● **EXERCISE GOAL**: In the data below, begin at the line with "So this is my" and stop after the line with "So let me know"; output those lines exactly and no pictures.

● **DATASET RECORDS**:
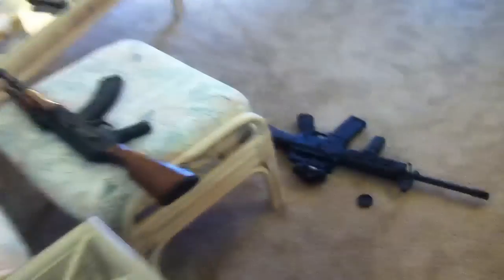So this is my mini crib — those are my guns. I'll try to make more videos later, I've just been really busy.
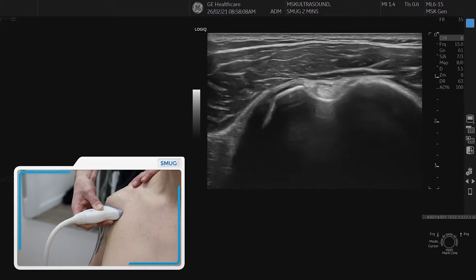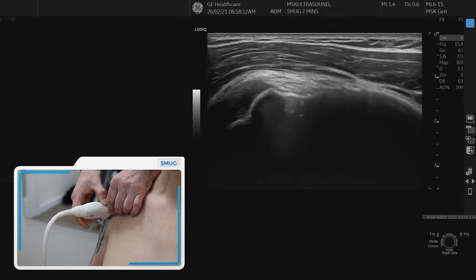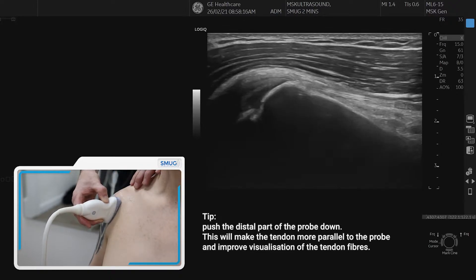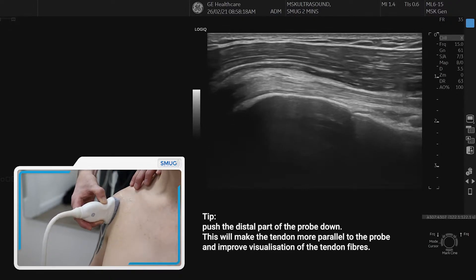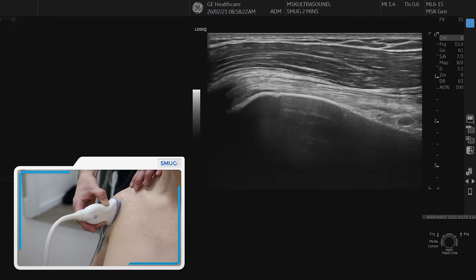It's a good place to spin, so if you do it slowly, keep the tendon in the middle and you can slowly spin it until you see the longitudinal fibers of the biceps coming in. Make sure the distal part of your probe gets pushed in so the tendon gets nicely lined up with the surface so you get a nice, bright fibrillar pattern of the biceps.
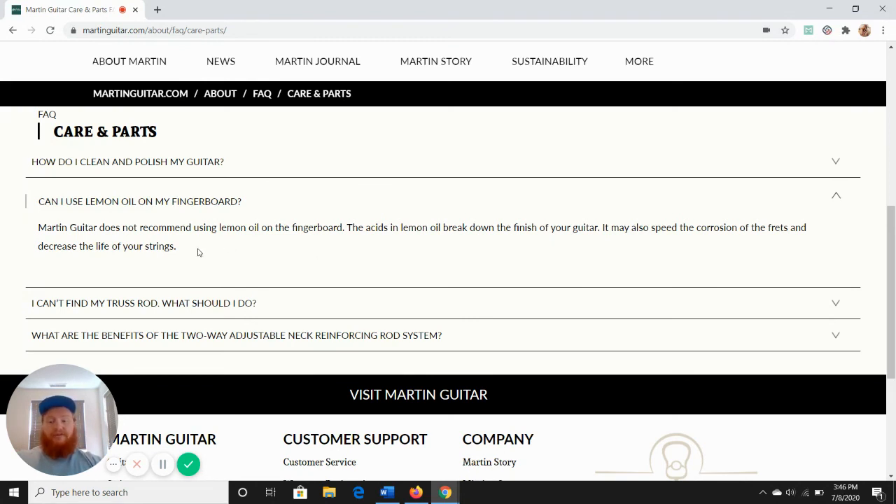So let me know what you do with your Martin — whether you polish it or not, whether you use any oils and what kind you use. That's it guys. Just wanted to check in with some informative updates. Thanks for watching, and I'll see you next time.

* * *

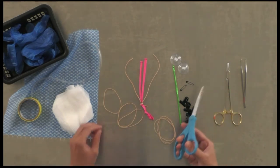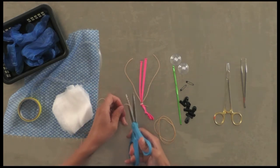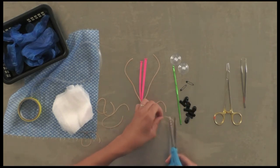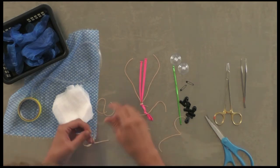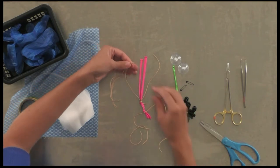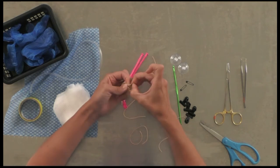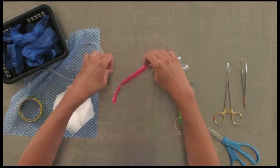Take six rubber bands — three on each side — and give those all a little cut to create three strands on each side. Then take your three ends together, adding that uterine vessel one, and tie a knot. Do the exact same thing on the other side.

● **OUTPUT OF THE TASK**:
So this is my mini crib — those are my guns. I'll try to make more videos later, I've just been really busy.
It's a good place to spin, so if you do it slowly, keep the tendon in the middle and you can slowly spin it until you see the longitudinal fibers of the biceps coming in. Make sure the distal part of your probe gets pushed in so the tendon gets nicely lined up with the surface so you get a nice, bright fibrillar pattern of the biceps.
So let me know what you do with your Martin — whether you polish it or not, whether you use any oils and what kind you use. That's it guys. Just wanted to check in with some informative updates. Thanks for watching, and I'll see you next time.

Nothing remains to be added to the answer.